Most modeling failures are caused by flawed (and often implicit) assumptions.
Statistical pragmatism recognizes that all forms of statistical inference make assumptions, assumptions which can only be tested very crudely (with such things as goodness-of-fit methods) and can almost never be verified. This is not only at the heart of statistical inference, it is also the great wisdom of our field.
This is also what we discuss in the Data Centricity Lab (see datacentricity.org for an overview). We underline the role of assumptions in the modeling process and how they dictate the usefulness of models (and the decisions they support).
This paper defends pragmatism over dogma:
- Using both frequentist (e.g., p-values, confidence intervals) and Bayesian (e.g., posterior probabilities) tools, depending on the problem.
- Prioritizing the assumptions that connect models to real-world data rather than debating the “true” nature of probability.
One implication is that we rethink how we frame the relationship between a sample (reality) and the population (hypothetical). We often describe statistical inference as random sampling from a finite population, but that can be misleading. The paper suggests we call the estimand “theoretical mean” rather than “population mean.”
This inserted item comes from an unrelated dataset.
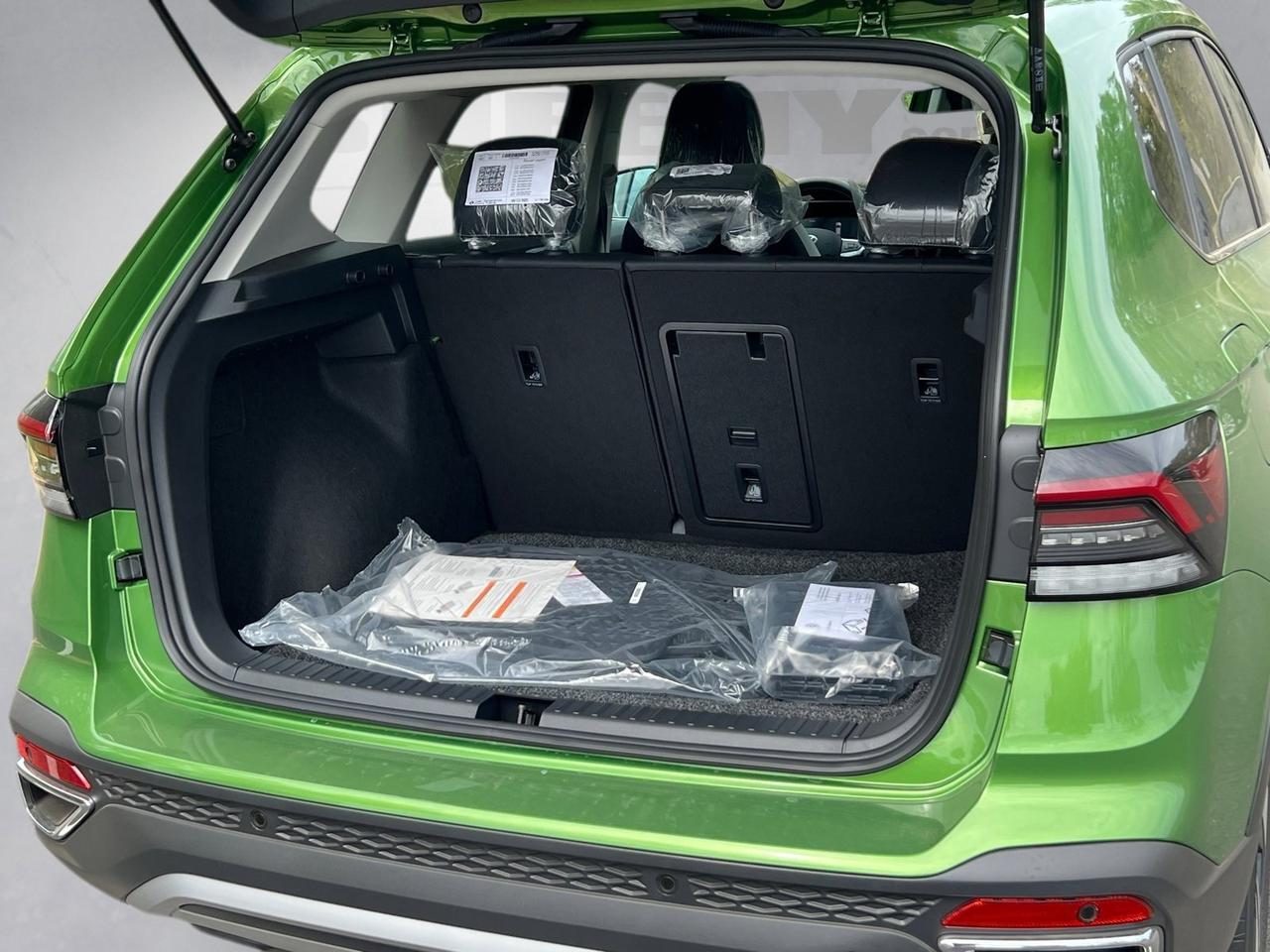 2025 Volkswagen Taos 1.5T SE Hagerstown MD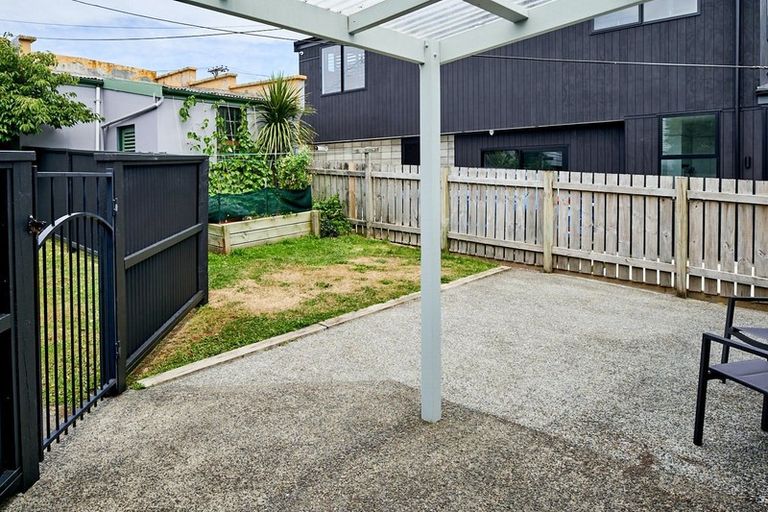 Photo of property in 10 Helen Street, Brooklyn, Wellington, 6021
Why does it matter? The more we emphasize the role of assumptions, the more modelers question if the theoretical world aligns well with the real world that produced the data. As we discuss at Data Duets, when assumptions are sidelined, a misconception takes hold: the idea that methodological rigor can substitute for conceptual accuracy. And causal (semi-)parametric solutions are often more sensitive to this misconception than predictive ones (as we further discuss here).